EXERCISE GOAL ▸ Quote the entries word for word. Omit the pictures.

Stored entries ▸
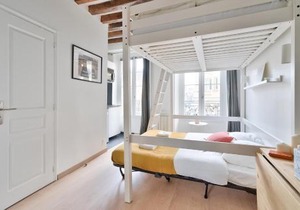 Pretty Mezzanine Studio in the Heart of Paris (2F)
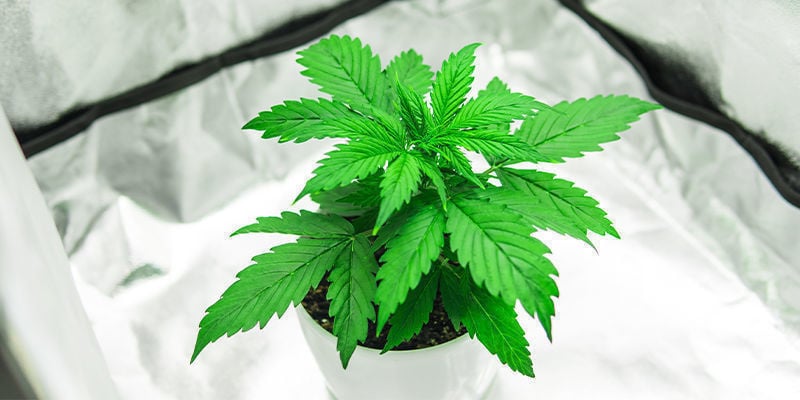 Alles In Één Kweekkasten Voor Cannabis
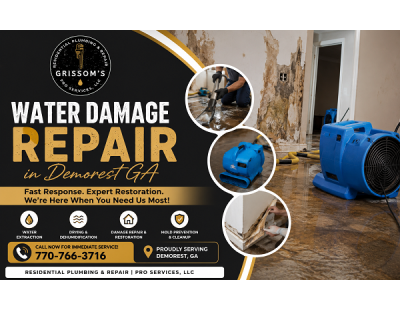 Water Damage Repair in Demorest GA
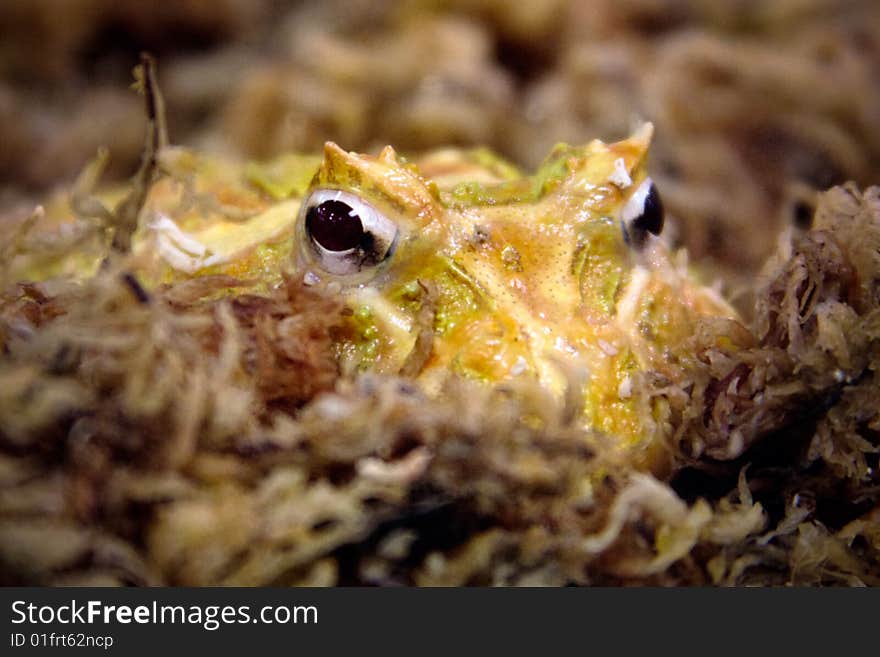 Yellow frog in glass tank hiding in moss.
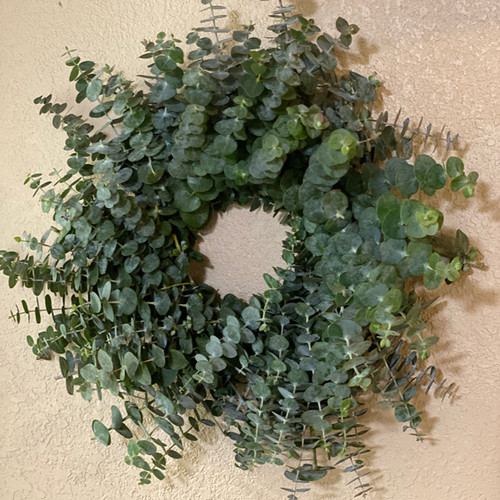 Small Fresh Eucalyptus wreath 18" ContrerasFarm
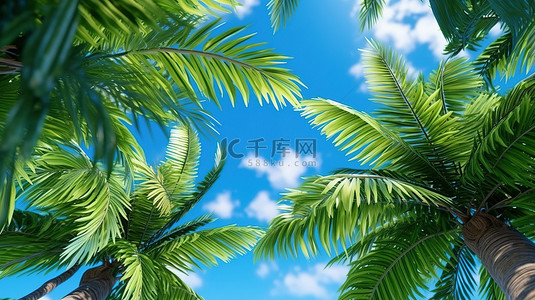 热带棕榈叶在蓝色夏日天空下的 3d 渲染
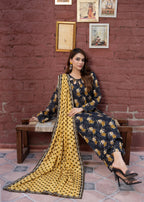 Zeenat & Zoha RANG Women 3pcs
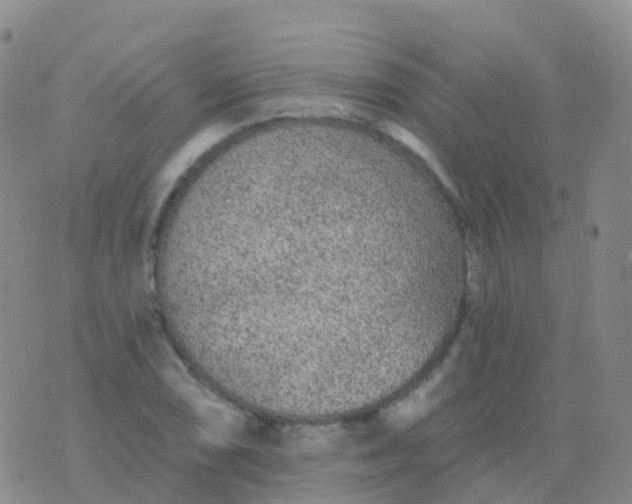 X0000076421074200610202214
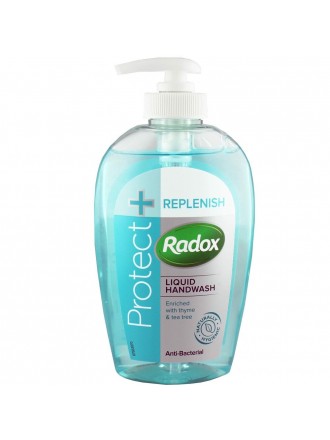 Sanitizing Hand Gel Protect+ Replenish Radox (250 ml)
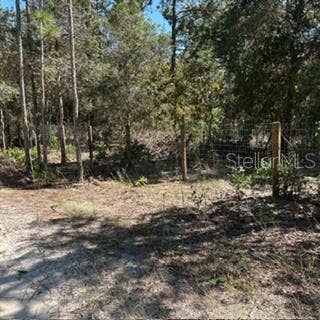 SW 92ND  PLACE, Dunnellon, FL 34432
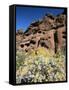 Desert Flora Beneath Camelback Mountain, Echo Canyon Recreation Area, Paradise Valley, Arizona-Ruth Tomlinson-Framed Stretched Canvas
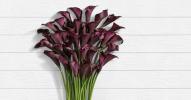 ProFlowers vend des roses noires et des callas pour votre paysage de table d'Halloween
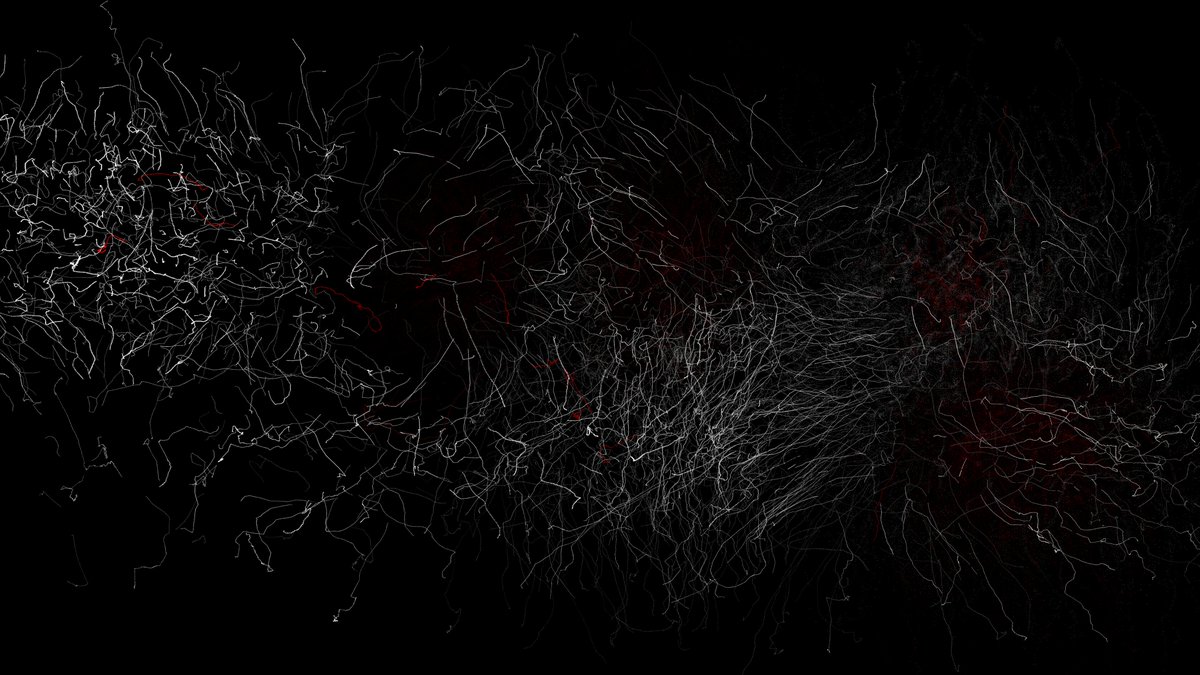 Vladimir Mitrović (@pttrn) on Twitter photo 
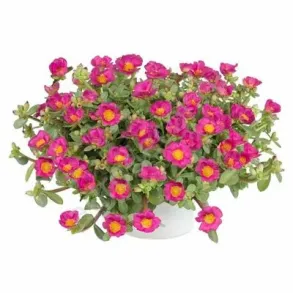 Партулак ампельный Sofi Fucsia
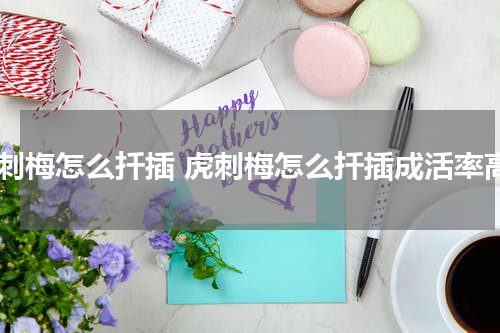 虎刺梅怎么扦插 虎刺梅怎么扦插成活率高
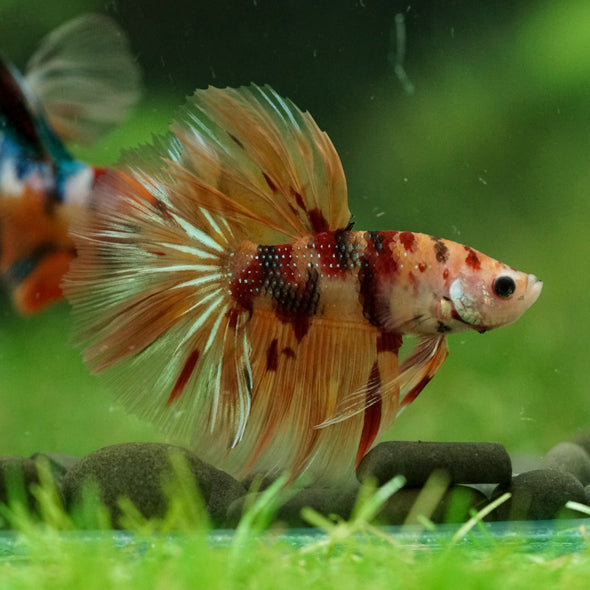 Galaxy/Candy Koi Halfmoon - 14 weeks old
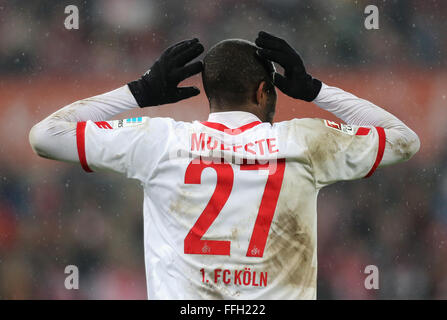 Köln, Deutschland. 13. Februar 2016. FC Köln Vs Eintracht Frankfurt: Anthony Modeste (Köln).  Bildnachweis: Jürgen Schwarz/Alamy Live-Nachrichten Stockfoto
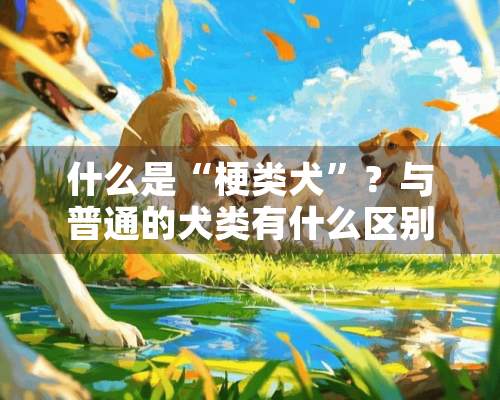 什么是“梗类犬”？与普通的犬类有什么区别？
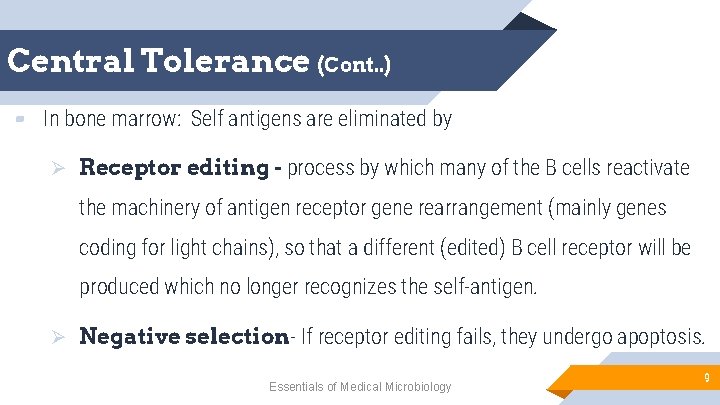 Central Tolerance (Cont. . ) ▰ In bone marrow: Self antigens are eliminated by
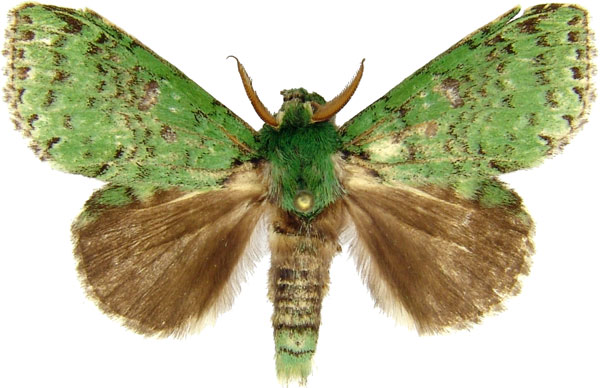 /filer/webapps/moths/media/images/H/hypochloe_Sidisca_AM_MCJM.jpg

SOLUTION TO THIS TASK ▸
 Pretty Mezzanine Studio in the Heart of Paris (2F)
 Alles In Één Kweekkasten Voor Cannabis
 Water Damage Repair in Demorest GA
 Yellow frog in glass tank hiding in moss.
 Small Fresh Eucalyptus wreath 18" ContrerasFarm
 热带棕榈叶在蓝色夏日天空下的 3d 渲染
 Zeenat & Zoha RANG Women 3pcs
 X0000076421074200610202214
 Sanitizing Hand Gel Protect+ Replenish Radox (250 ml)
 SW 92ND  PLACE, Dunnellon, FL 34432
 Desert Flora Beneath Camelback Mountain, Echo Canyon Recreation Area, Paradise Valley, Arizona-Ruth Tomlinson-Framed Stretched Canvas
 ProFlowers vend des roses noires et des callas pour votre paysage de table d'Halloween
 Vladimir Mitrović (@pttrn) on Twitter photo 
 Партулак ампельный Sofi Fucsia
 虎刺梅怎么扦插 虎刺梅怎么扦插成活率高
 Galaxy/Candy Koi Halfmoon - 14 weeks old
 Köln, Deutschland. 13. Februar 2016. FC Köln Vs Eintracht Frankfurt: Anthony Modeste (Köln).  Bildnachweis: Jürgen Schwarz/Alamy Live-Nachrichten Stockfoto
 什么是“梗类犬”？与普通的犬类有什么区别？
 Central Tolerance (Cont. . ) ▰ In bone marrow: Self antigens are eliminated by
 /filer/webapps/moths/media/images/H/hypochloe_Sidisca_AM_MCJM.jpg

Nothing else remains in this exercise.